None of the server or client programs for creating websites provides a powerful way to compose, resize, or modify the images you will use. This task requires a dedicated graphics program, which you generally have to install on your personal computer. After you create (or modify) images in this program, you upload them into your web folder on your server, where they can be attached to specific web pages. By far the most venerable and capable of these image manipulation programs is Adobe Photoshop, which has an enormous following among professional web designers because it can generate, alter, and enhance not just photographs but also line drawings and more complex graphics. (It can also doctor photographs easily and with almost no trace, which in the future will give historians fits like Stalin’s airbrushers.) Unfortunately Photoshop costs $649 (about half that with the educational discount) and runs better on the most powerful (and thus most expensive) computers. Luckily, Adobe also produces a slimmed-down image editing package called Photoshop Elements that includes many of the important features of its more robust sibling for a mere $99 ($59 with educational discount). Photoshop Elements should be an easy choice for most historians who need to do a fairly circumscribed set of tasks like resizing, cropping, and compressing images for their website (more on this in Chapter 3).

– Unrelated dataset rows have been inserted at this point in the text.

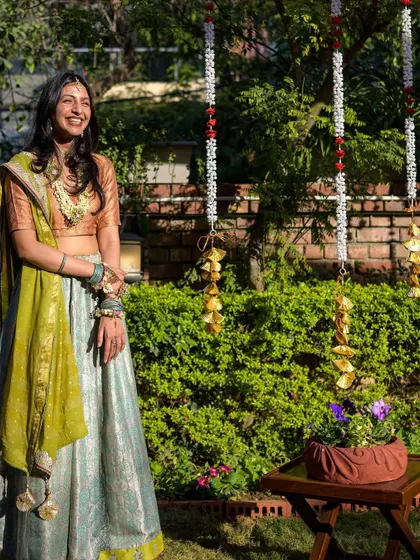The bride, wearing her grandmother's heirloom lehenga, enjoying her simple and beautiful backyard Mehendi.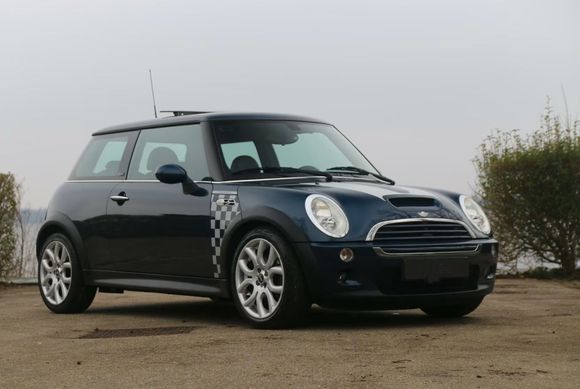 Donkerblauwe Mini Cooper geparkeerd op een onverharde ondergrond met een waterige achtergrond. Dambordmotief op de voorspatbord.
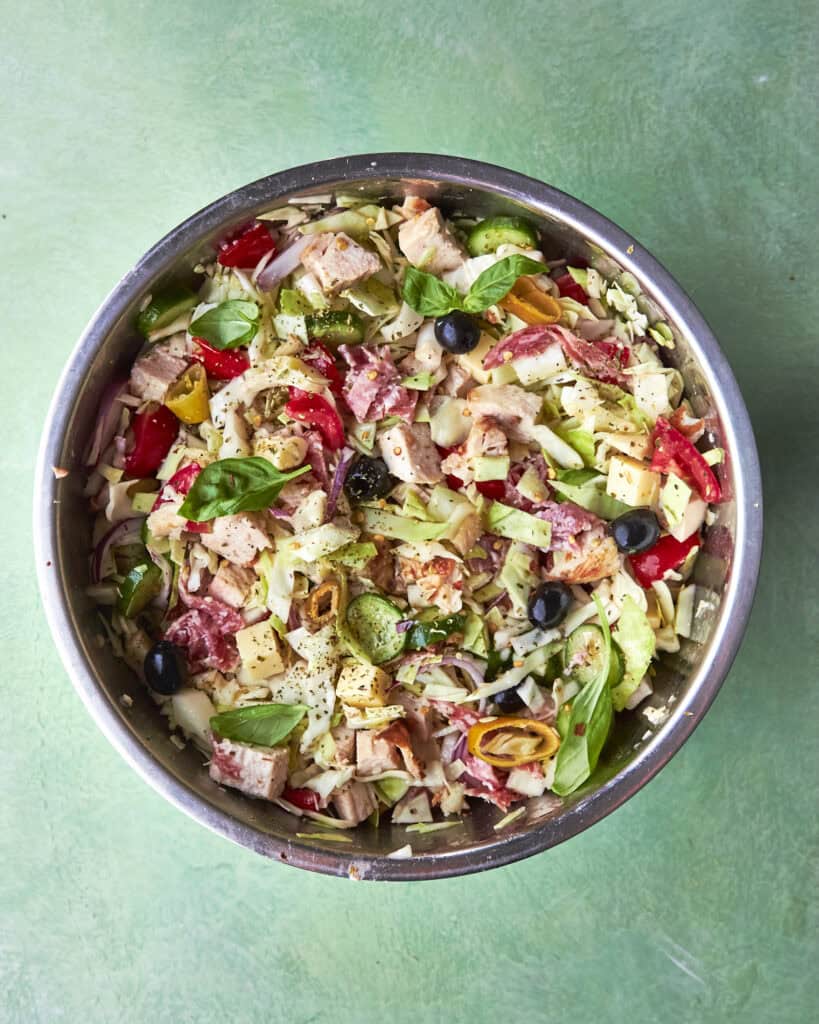 A metal bowl filled with chopped salad ingredients, including lettuce, tomatoes, olives, onions, cheese, tuna, and fresh basil, sits on a green surface.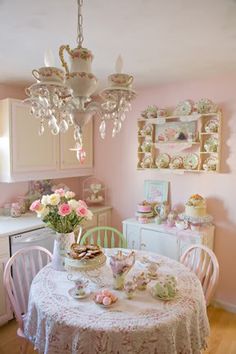 there is a table with tea cups on it in the room and flowers are sitting on the table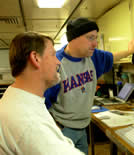 Image of two scientists looking at nutrient concentrations in the water column.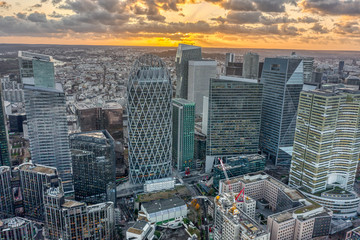 Aerial drone shot of La Defense business district skyscrapers during sunset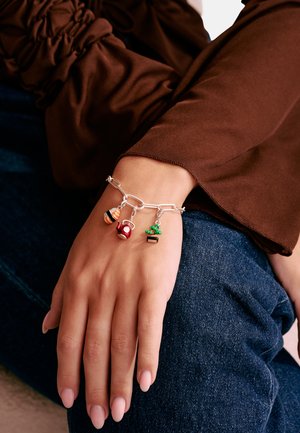 Hand mit silbernem Gliederarmband mit Anhängern in Form einer Biene, einer roten Teekanne und eines grünen Kaktus, ruht auf blauem Denim und braunem Ärmelsaum.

In addition to Adobe’s offerings, Macromedia’s Fireworks has more features than Photoshop Elements but fewer than the senior Photoshop (Fireworks sells for $299, $99 with the educational discount). Some historians may prefer to use Fireworks rather than Photoshop or Photoshop Elements because they can buy Fireworks as part of an integrated suite of web design programs (including the leading authoring software Dreamweaver) for $899 ($199 with the educational discount). You can find many other image editing software packages (including some free utilities that come with Windows), but Fireworks and the two Photoshops are the most capable programs on the market, and their special features help make images truly web-worthy.10

6 Petrik, “MS Word to Web Page”; “Save Your Office 2000 File as a Web Page,” Microsoft, ↪link 2.6a. Though it may be easy to convert Microsoft Office documents to web documents, the resulting HTML may not be especially concise or easy to maintain or update. Using a program like HTML Tidy (available at ↪link 2.6b) to “clean up” a converted document may be useful.

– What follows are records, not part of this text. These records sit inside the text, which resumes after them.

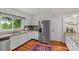 Bright kitchen featuring granite countertops, stainless steel appliances, and a view of the lush backyard at 227 Wingrave Dr, Charlotte, NC 28270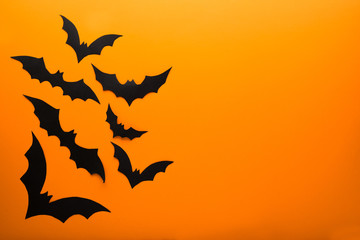 Halloween and decoration concept - black paper bats flying over orange background. Copy space.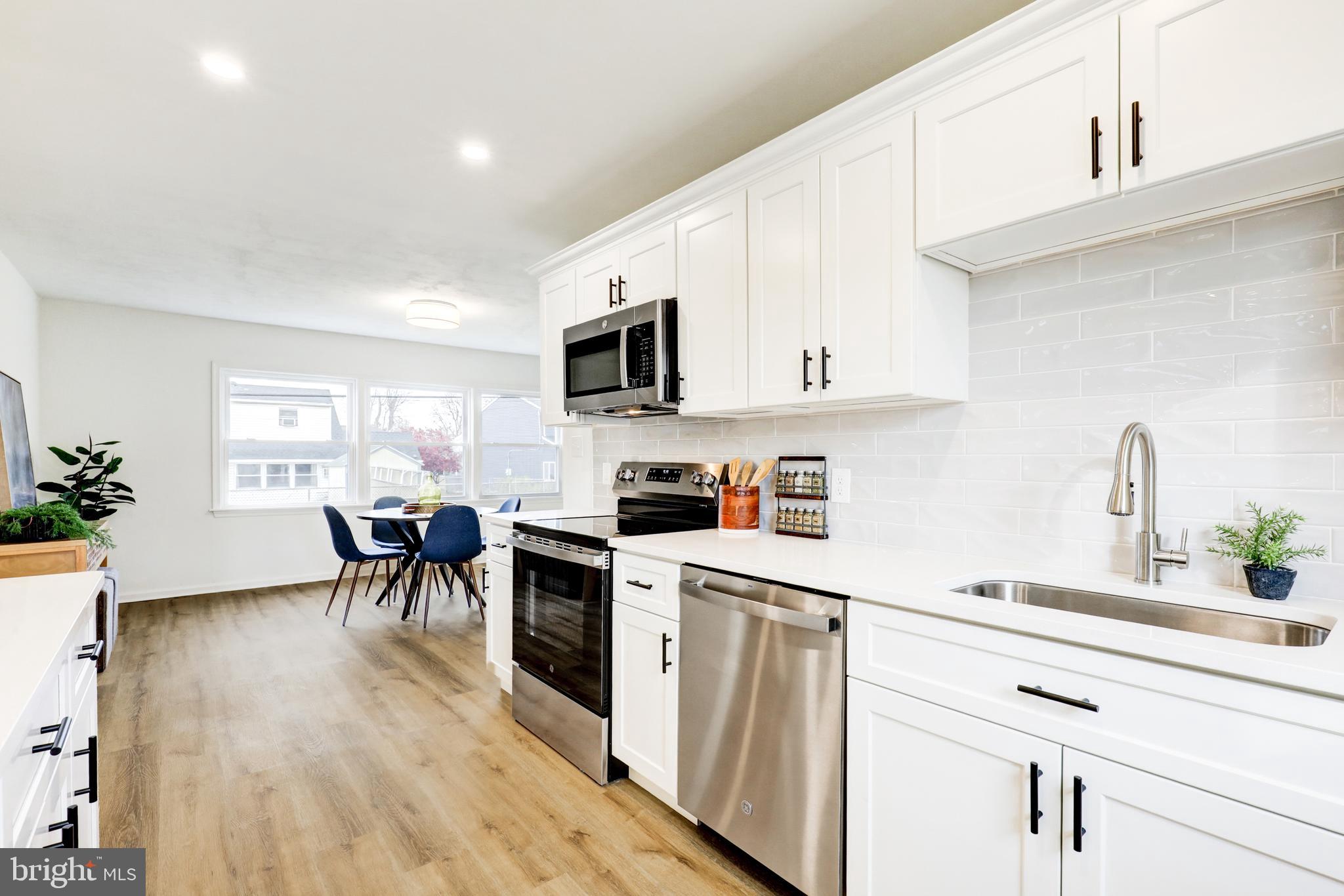 31 Nature Lane Levittown, PA 19054 - Photo 7 of 33 a kitchen with stainless steel appliances a white table chairs and a refrigerator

7 “Macromedia Dreamweaver MX,” Macromedia, ↪link 2.7a; “Microsoft Office: FrontPage,” Microsoft, ↪link 2.7b; Jeffrey Zeldman, Designing with Web Standards (Indianapolis: New Riders, 2003), 119–20; Mozilla.org–Home of Mozilla, Firefox, Thunderbird, and Camino, ↪link 2.7c.

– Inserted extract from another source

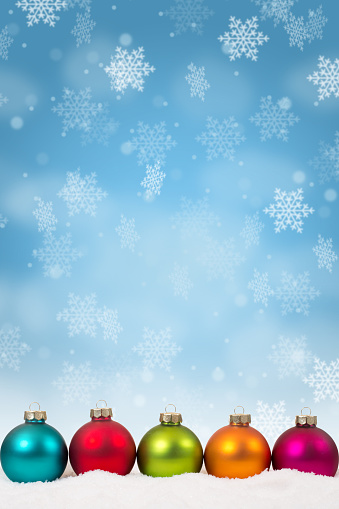 Many colorful Christmas balls baubles background decoration portrait format snowflakes snow winter copyspace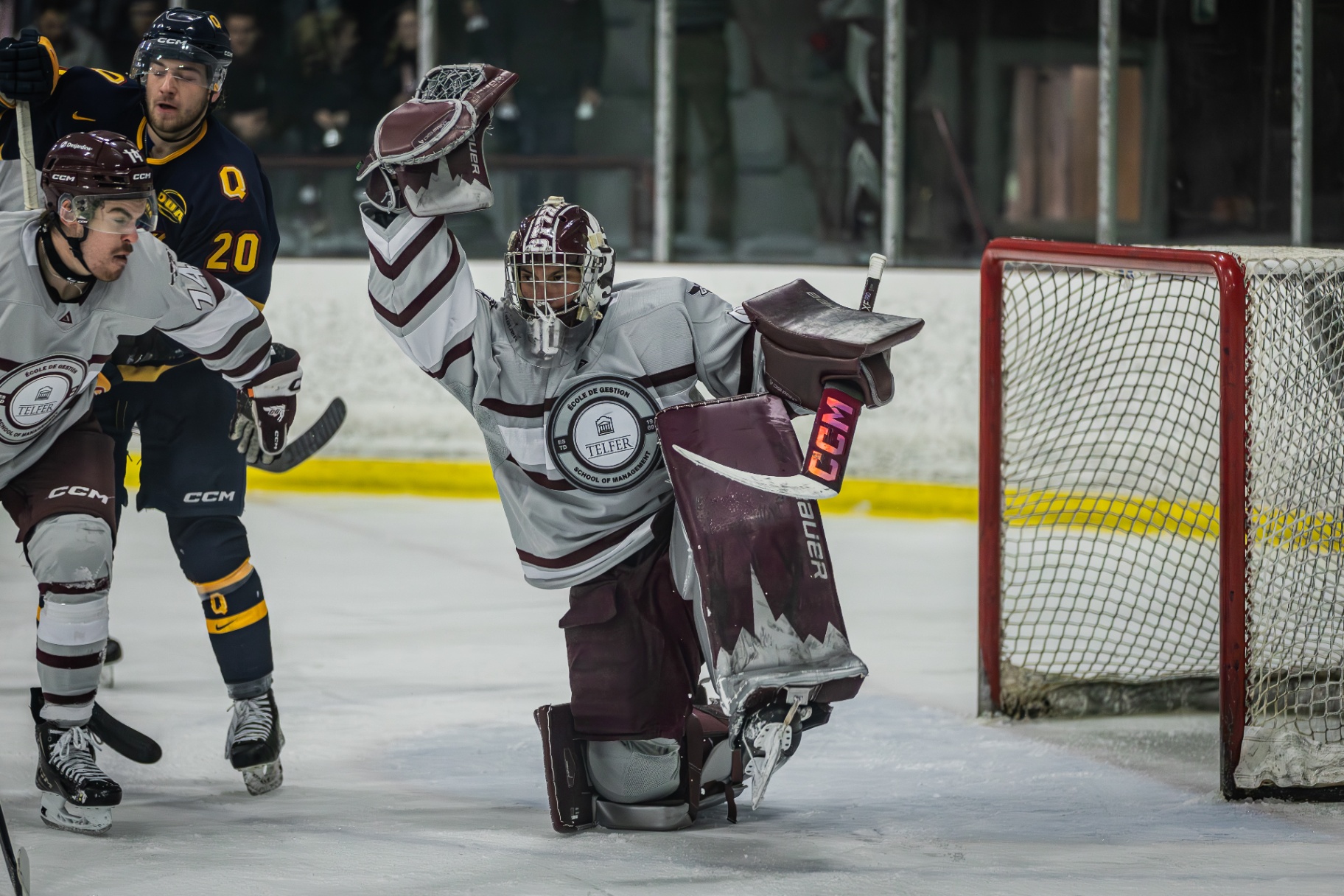Franky Lapenna crouches in front of the net with his glove raised to block a shot.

8 EditPlus Text Editor, HTML Editor, Programmers Editor for Windows, ↪link 2.8a; “UltraEdit,” IDM Computer Solutions Inc., ↪link 2.8b; “BBEdit,” Bare Bone Software, ↪link 2.8c. These programs can color-code and automatically generate certain commonly used HTML tags, which greatly facilitates the web design process. If you or others are planning on doing some website programming with databases, XML, or scripting languages (see below), one of these advanced text editors is even more helpful, though Dreamweaver can handle modest chunks of such code. Notepad, the venerable free program that comes with all Windows computers, can also function as a rudimentary web editor for those who really know what they are doing or for those who just need to make a quick edit or two to web pages that have already been built in Dreamweaver or FrontPage.

9 Specific blogging programs and hosts are covered in Chapter 6. For a comprehensive list of both software and hosts, see “Blog Tools” and “Blog Hosting,” Weblogs Compendium, ↪link 2.9a and ↪link 2.9b.

10 “Photoshop: Professional Photo Editing Software,” Adobe, ↪link 2.10a; “Adobe Photoshop Elements: Photo Editing Software,” Adobe, ↪link 2.10b; “Macromedia Fireworks MX,” Macromedia,link 2.10c.